§ **THE TASK**
A word-for-word copy of the data is what's wanted; pictures stay out of it.

§ **DATA BELOW**
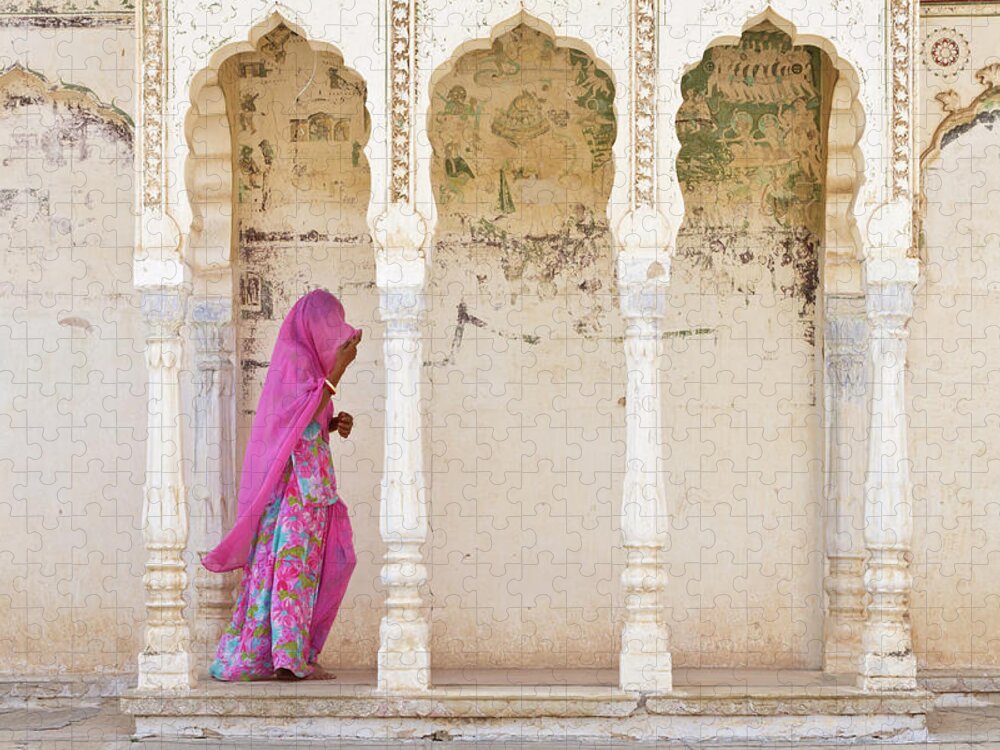 Arch Jigsaw Puzzle featuring the photograph Woman In Traditional Indian Clothing #1 by Pixelchrome Inc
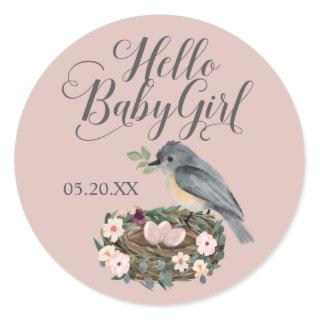 Hello Baby Girl Floral Bird's Nest Baby Shower Classic Round Sticker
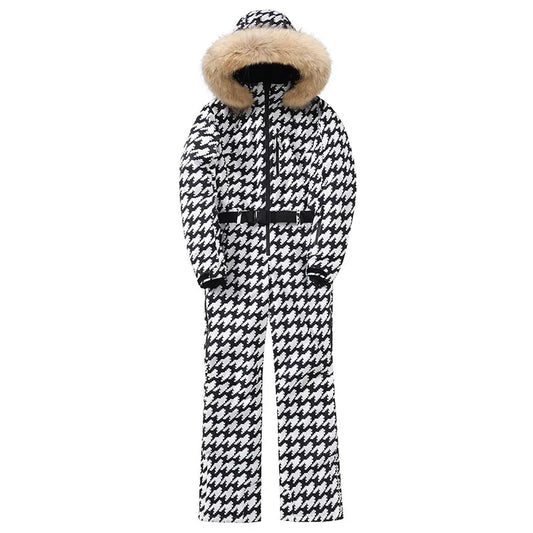 Unique Printed One-piece Ski Rompers Fur Hooded Snowsuitsļ¼å¤å¶ļ¼Ā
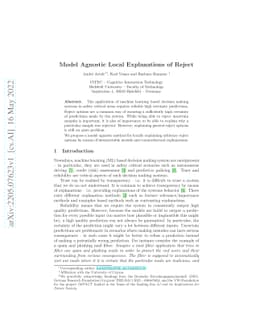 Model Agnostic Local Explanations of Reject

§ **RESULT BELOW**
 Arch Jigsaw Puzzle featuring the photograph Woman In Traditional Indian Clothing #1 by Pixelchrome Inc
 Hello Baby Girl Floral Bird's Nest Baby Shower Classic Round Sticker
 Unique Printed One-piece Ski Rompers Fur Hooded Snowsuitsļ¼å¤å¶ļ¼Ā
 Model Agnostic Local Explanations of Reject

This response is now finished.